REQUIREMENT: Transcribe the data below verbatim from the line with "엘도라도 화이트 초콜릿, 1개, 1kg" to the line with "Estuche Para iPhone". Include both of those lines.

PROVIDED RECORDS:
----------------

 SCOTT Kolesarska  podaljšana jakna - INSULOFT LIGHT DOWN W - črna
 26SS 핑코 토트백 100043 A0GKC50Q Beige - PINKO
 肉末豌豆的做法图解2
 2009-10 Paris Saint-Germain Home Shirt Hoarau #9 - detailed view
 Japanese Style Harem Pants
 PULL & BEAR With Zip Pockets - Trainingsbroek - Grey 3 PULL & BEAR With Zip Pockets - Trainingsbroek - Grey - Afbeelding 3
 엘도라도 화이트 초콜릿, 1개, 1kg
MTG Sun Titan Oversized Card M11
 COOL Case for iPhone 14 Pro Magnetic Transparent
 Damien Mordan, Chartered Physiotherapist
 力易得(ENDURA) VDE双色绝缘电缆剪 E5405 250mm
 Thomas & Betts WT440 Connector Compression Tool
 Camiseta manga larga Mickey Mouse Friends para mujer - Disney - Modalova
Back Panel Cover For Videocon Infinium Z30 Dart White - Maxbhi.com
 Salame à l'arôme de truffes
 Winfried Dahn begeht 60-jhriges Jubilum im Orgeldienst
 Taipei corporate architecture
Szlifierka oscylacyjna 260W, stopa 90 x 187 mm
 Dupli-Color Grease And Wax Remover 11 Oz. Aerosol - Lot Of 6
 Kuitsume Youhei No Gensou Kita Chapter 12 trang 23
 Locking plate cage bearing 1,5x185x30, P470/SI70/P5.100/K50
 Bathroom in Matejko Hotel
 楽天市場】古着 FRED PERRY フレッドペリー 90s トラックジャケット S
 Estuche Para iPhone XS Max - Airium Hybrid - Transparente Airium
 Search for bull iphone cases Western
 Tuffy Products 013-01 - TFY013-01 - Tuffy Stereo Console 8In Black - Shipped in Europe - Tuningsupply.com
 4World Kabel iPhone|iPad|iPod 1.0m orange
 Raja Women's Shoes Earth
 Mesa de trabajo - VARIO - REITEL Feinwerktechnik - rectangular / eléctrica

----------------

ANSWER TO THE EXERCISE:
 엘도라도 화이트 초콜릿, 1개, 1kg
MTG Sun Titan Oversized Card M11
 COOL Case for iPhone 14 Pro Magnetic Transparent
 Damien Mordan, Chartered Physiotherapist
 力易得(ENDURA) VDE双色绝缘电缆剪 E5405 250mm
 Thomas & Betts WT440 Connector Compression Tool
 Camiseta manga larga Mickey Mouse Friends para mujer - Disney - Modalova
Back Panel Cover For Videocon Infinium Z30 Dart White - Maxbhi.com
 Salame à l'arôme de truffes
 Winfried Dahn begeht 60-jhriges Jubilum im Orgeldienst
 Taipei corporate architecture
Szlifierka oscylacyjna 260W, stopa 90 x 187 mm
 Dupli-Color Grease And Wax Remover 11 Oz. Aerosol - Lot Of 6
 Kuitsume Youhei No Gensou Kita Chapter 12 trang 23
 Locking plate cage bearing 1,5x185x30, P470/SI70/P5.100/K50
 Bathroom in Matejko Hotel
 楽天市場】古着 FRED PERRY フレッドペリー 90s トラックジャケット S
 Estuche Para iPhone XS Max - Airium Hybrid - Transparente Airium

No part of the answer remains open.